▸ Brief
From the entries that follow, copy exactly the lines beginning at the line holding "Endacusta pindana" and continuing through the line holding "Channel-billed Toucan - Barb Thomascall".

*-*-*

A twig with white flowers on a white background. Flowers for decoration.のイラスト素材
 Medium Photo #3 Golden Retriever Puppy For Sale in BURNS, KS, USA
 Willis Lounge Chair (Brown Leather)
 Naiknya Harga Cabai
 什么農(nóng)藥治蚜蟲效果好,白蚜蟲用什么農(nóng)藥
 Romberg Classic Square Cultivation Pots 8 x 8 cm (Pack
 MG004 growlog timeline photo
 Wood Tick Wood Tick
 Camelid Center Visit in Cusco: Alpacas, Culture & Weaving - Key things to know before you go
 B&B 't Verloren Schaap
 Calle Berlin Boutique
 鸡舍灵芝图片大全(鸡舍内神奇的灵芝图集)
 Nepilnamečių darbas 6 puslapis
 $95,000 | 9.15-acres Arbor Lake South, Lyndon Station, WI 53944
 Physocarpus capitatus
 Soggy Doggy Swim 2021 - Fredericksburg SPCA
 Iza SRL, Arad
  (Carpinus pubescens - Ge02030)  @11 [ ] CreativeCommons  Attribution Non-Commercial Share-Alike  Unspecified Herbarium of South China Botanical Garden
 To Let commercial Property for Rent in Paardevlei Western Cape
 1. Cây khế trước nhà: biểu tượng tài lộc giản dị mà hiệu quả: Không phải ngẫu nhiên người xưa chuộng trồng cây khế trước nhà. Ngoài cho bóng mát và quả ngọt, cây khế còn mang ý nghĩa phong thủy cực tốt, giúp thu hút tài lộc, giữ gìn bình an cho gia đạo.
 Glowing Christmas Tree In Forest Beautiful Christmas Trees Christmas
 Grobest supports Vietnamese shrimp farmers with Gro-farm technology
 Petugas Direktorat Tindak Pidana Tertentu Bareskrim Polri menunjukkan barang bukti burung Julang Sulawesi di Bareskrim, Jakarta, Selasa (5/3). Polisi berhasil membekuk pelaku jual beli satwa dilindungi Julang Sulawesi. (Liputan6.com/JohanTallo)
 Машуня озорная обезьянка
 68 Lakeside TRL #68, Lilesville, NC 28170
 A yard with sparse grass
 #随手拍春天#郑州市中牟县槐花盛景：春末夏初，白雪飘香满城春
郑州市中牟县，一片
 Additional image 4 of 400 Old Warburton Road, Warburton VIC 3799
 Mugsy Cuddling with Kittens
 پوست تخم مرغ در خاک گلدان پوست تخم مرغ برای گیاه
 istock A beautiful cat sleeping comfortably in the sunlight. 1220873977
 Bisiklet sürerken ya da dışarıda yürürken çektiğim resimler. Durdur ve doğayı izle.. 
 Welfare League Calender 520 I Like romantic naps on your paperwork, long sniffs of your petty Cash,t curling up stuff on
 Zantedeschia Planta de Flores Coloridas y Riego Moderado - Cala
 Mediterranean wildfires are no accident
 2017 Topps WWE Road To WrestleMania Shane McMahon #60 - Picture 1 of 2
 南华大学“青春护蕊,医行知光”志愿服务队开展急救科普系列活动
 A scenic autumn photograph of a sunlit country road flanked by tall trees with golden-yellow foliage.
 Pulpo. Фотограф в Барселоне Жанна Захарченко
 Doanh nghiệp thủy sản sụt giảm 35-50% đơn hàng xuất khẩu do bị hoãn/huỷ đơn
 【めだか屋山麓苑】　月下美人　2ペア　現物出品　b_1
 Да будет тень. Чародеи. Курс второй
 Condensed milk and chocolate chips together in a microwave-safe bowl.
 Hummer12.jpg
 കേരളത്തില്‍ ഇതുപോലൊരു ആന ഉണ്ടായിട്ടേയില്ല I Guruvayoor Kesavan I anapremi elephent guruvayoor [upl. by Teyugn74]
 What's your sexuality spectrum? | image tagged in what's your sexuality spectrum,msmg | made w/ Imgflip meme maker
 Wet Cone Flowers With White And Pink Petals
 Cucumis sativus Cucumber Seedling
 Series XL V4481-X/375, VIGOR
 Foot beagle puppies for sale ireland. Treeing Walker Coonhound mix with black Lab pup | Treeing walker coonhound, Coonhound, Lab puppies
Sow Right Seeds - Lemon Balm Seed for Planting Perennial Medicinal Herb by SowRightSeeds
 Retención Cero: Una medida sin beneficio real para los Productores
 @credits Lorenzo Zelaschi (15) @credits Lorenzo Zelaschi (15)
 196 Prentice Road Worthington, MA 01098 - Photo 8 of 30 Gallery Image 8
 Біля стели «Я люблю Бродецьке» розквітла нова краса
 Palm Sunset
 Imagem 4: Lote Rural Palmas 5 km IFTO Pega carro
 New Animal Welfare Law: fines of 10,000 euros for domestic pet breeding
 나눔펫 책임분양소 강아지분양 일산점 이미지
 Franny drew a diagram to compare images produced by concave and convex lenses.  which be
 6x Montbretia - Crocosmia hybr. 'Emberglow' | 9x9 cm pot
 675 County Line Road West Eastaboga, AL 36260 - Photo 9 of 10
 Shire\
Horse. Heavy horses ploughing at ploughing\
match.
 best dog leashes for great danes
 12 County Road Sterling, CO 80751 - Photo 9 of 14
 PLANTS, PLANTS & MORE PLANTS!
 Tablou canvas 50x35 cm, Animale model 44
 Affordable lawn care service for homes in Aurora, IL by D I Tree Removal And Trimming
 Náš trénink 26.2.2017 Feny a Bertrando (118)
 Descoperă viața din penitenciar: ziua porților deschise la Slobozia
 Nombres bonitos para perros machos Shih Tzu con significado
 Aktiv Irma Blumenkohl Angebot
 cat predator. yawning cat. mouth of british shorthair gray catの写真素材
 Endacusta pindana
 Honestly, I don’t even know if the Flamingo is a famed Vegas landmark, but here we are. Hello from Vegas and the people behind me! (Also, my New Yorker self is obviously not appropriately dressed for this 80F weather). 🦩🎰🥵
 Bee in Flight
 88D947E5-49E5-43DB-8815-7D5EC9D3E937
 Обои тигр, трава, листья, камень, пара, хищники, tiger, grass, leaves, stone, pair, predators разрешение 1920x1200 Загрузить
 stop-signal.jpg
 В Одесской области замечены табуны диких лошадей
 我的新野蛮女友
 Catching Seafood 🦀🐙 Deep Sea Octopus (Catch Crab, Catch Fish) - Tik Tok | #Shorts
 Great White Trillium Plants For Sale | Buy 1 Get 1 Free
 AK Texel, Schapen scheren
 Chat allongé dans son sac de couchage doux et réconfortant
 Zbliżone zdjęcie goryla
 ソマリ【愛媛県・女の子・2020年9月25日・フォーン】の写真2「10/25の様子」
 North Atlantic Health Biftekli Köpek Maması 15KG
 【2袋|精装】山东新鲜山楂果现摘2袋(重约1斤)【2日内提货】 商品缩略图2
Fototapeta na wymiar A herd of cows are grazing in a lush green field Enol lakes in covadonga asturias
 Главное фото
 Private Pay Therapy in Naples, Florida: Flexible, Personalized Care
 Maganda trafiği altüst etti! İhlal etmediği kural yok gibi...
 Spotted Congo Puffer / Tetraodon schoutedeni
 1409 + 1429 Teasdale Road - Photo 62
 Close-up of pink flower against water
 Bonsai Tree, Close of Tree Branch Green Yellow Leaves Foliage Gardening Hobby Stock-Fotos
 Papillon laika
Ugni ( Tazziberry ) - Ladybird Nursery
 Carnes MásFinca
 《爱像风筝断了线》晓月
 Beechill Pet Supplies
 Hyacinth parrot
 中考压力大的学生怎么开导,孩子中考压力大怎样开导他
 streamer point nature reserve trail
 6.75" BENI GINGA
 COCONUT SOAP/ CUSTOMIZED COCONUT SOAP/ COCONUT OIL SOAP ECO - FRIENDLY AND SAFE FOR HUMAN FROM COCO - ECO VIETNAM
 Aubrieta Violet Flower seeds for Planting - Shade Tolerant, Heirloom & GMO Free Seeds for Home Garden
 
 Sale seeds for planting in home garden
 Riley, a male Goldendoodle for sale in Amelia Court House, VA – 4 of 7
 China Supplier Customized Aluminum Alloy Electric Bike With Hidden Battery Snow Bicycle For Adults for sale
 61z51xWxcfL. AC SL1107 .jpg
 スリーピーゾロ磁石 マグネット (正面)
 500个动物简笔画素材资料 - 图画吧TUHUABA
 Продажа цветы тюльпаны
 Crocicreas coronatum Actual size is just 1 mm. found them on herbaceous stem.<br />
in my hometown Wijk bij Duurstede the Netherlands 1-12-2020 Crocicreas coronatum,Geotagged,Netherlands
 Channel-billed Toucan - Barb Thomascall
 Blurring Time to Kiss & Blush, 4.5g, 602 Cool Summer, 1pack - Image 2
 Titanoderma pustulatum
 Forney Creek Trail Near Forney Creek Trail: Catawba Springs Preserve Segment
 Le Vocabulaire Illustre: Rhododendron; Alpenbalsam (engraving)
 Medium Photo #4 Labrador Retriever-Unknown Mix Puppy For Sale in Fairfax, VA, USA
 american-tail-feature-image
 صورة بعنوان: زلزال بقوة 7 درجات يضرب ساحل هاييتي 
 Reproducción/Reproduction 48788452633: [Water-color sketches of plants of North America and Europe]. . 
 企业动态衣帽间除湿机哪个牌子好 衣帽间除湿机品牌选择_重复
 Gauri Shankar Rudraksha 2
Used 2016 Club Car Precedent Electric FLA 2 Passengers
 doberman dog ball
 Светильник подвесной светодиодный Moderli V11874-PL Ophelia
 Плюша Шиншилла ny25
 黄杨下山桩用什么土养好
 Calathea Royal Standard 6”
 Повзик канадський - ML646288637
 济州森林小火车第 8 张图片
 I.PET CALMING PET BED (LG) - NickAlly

*-*-*

▸ Your solution
 Endacusta pindana
 Honestly, I don’t even know if the Flamingo is a famed Vegas landmark, but here we are. Hello from Vegas and the people behind me! (Also, my New Yorker self is obviously not appropriately dressed for this 80F weather). 🦩🎰🥵
 Bee in Flight
 88D947E5-49E5-43DB-8815-7D5EC9D3E937
 Обои тигр, трава, листья, камень, пара, хищники, tiger, grass, leaves, stone, pair, predators разрешение 1920x1200 Загрузить
 stop-signal.jpg
 В Одесской области замечены табуны диких лошадей
 我的新野蛮女友
 Catching Seafood 🦀🐙 Deep Sea Octopus (Catch Crab, Catch Fish) - Tik Tok | #Shorts
 Great White Trillium Plants For Sale | Buy 1 Get 1 Free
 AK Texel, Schapen scheren
 Chat allongé dans son sac de couchage doux et réconfortant
 Zbliżone zdjęcie goryla
 ソマリ【愛媛県・女の子・2020年9月25日・フォーン】の写真2「10/25の様子」
 North Atlantic Health Biftekli Köpek Maması 15KG
 【2袋|精装】山东新鲜山楂果现摘2袋(重约1斤)【2日内提货】 商品缩略图2
Fototapeta na wymiar A herd of cows are grazing in a lush green field Enol lakes in covadonga asturias
 Главное фото
 Private Pay Therapy in Naples, Florida: Flexible, Personalized Care
 Maganda trafiği altüst etti! İhlal etmediği kural yok gibi...
 Spotted Congo Puffer / Tetraodon schoutedeni
 1409 + 1429 Teasdale Road - Photo 62
 Close-up of pink flower against water
 Bonsai Tree, Close of Tree Branch Green Yellow Leaves Foliage Gardening Hobby Stock-Fotos
 Papillon laika
Ugni ( Tazziberry ) - Ladybird Nursery
 Carnes MásFinca
 《爱像风筝断了线》晓月
 Beechill Pet Supplies
 Hyacinth parrot
 中考压力大的学生怎么开导,孩子中考压力大怎样开导他
 streamer point nature reserve trail
 6.75" BENI GINGA
 COCONUT SOAP/ CUSTOMIZED COCONUT SOAP/ COCONUT OIL SOAP ECO - FRIENDLY AND SAFE FOR HUMAN FROM COCO - ECO VIETNAM
 Aubrieta Violet Flower seeds for Planting - Shade Tolerant, Heirloom & GMO Free Seeds for Home Garden
 
 Sale seeds for planting in home garden
 Riley, a male Goldendoodle for sale in Amelia Court House, VA – 4 of 7
 China Supplier Customized Aluminum Alloy Electric Bike With Hidden Battery Snow Bicycle For Adults for sale
 61z51xWxcfL. AC SL1107 .jpg
 スリーピーゾロ磁石 マグネット (正面)
 500个动物简笔画素材资料 - 图画吧TUHUABA
 Продажа цветы тюльпаны
 Crocicreas coronatum Actual size is just 1 mm. found them on herbaceous stem.<br />
in my hometown Wijk bij Duurstede the Netherlands 1-12-2020 Crocicreas coronatum,Geotagged,Netherlands
 Channel-billed Toucan - Barb Thomascall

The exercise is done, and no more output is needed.